▶ _TASK BRIEF_
Every line from the one bearing "112 melding Ambulance" through the last line of the records below is to be output exactly, and no other line; leave out the pictures.

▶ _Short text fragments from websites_
========================================

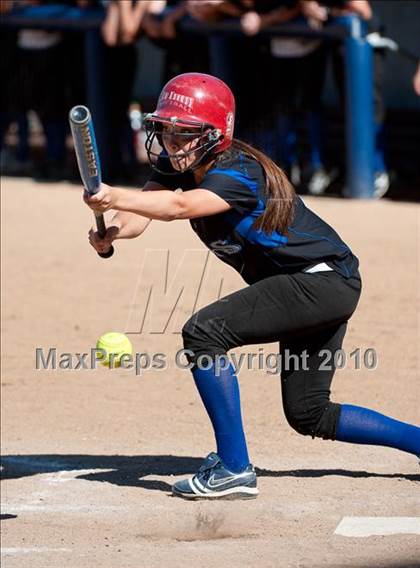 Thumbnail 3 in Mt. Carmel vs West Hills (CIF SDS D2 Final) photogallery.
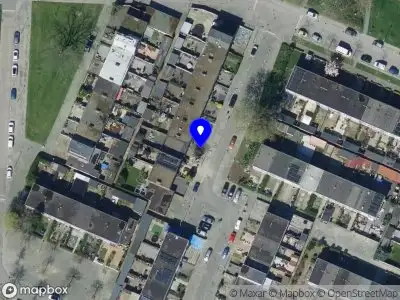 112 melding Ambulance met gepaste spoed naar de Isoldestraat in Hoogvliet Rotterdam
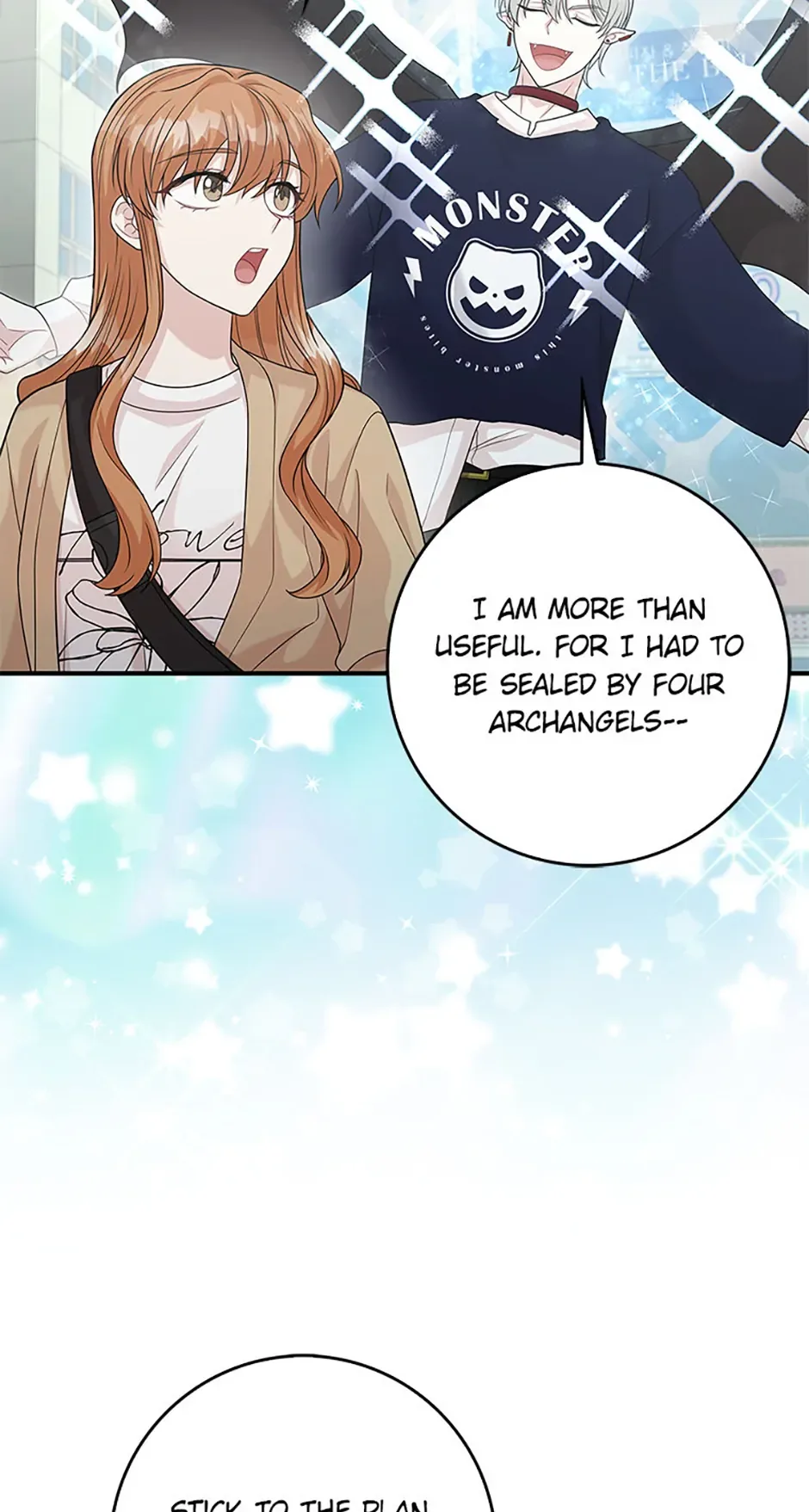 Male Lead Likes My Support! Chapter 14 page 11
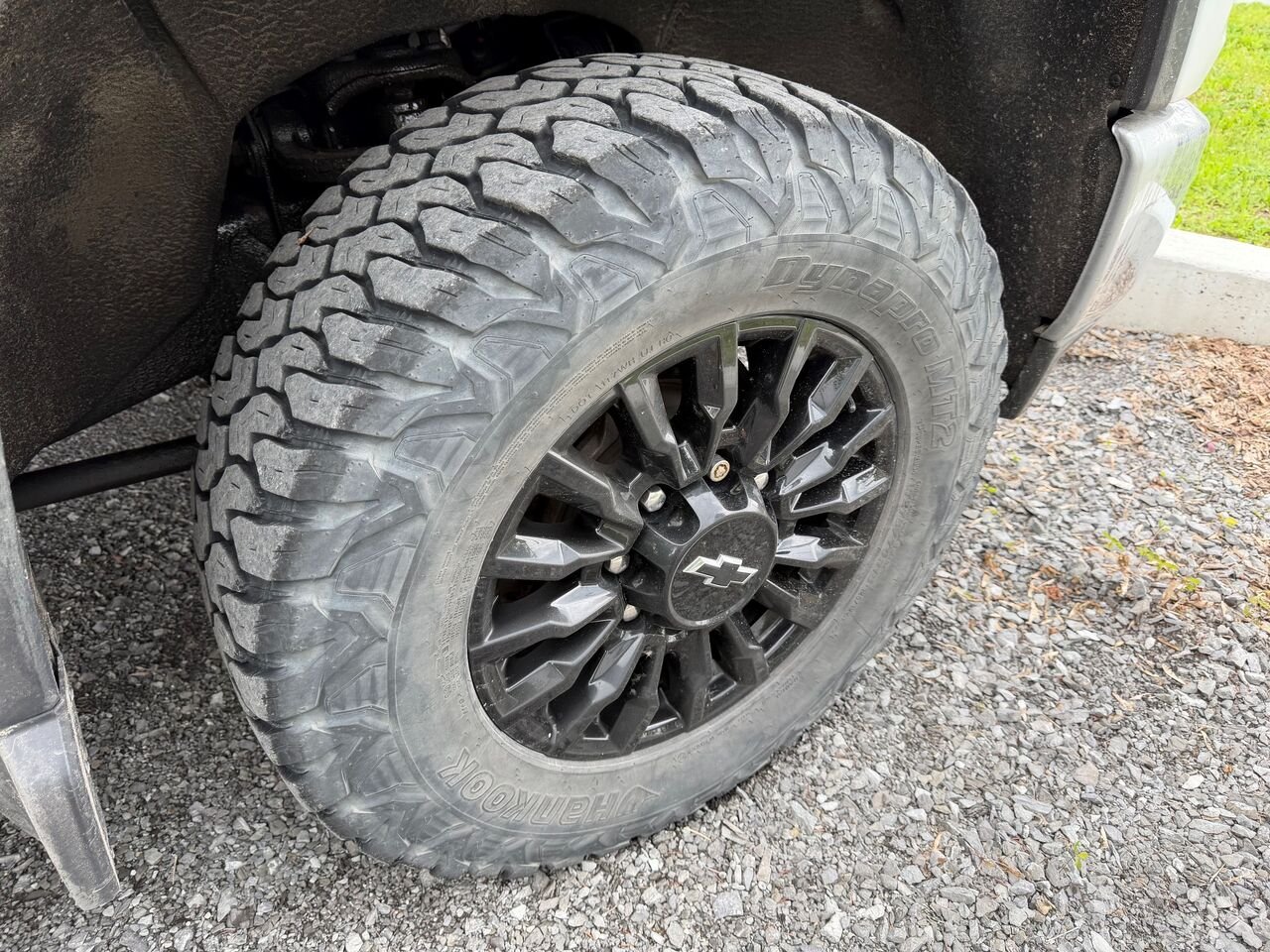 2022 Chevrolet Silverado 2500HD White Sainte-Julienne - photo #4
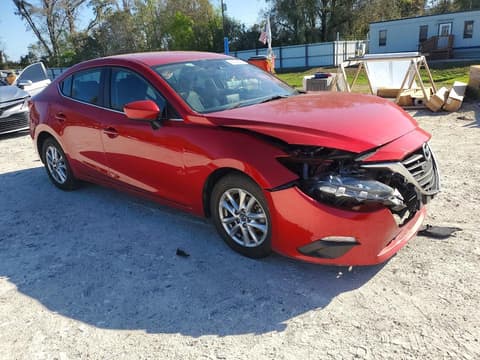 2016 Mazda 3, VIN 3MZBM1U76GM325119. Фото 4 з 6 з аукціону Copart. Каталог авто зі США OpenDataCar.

========================================

▶ _EXERCISE SOLUTION_
 112 melding Ambulance met gepaste spoed naar de Isoldestraat in Hoogvliet Rotterdam
 Male Lead Likes My Support! Chapter 14 page 11
 2022 Chevrolet Silverado 2500HD White Sainte-Julienne - photo #4
 2016 Mazda 3, VIN 3MZBM1U76GM325119. Фото 4 з 6 з аукціону Copart. Каталог авто зі США OpenDataCar.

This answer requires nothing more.